Your task:
Before you return the lines below, strip out any images and keep every word as written.

Exercise data:

___

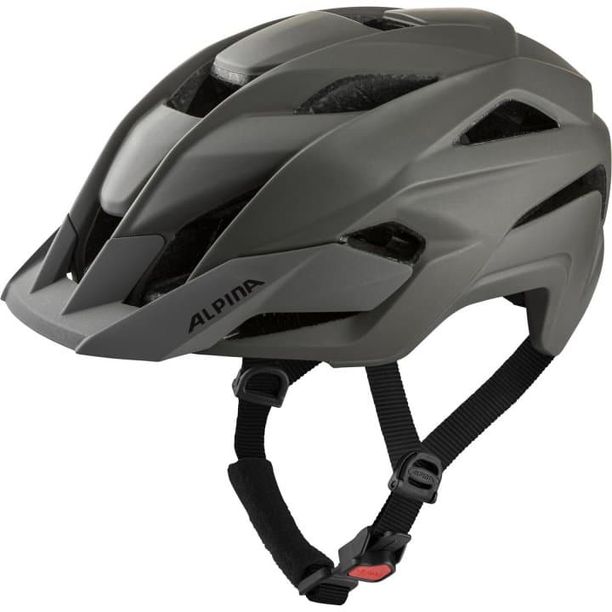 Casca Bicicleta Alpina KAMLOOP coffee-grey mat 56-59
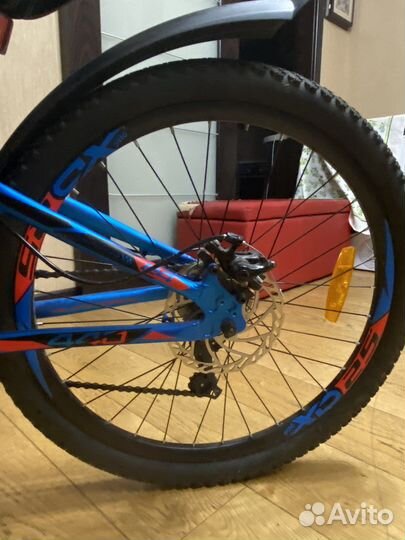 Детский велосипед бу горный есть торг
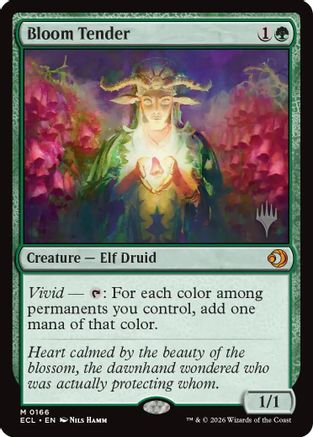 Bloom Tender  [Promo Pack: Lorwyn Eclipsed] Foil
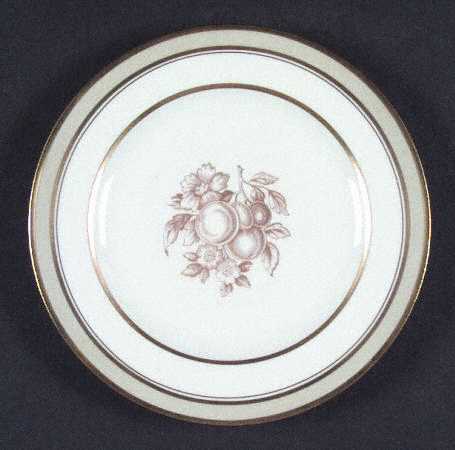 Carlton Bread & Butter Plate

___

Task solution:
 Casca Bicicleta Alpina KAMLOOP coffee-grey mat 56-59
 Детский велосипед бу горный есть торг
 Bloom Tender  [Promo Pack: Lorwyn Eclipsed] Foil
 Carlton Bread & Butter Plate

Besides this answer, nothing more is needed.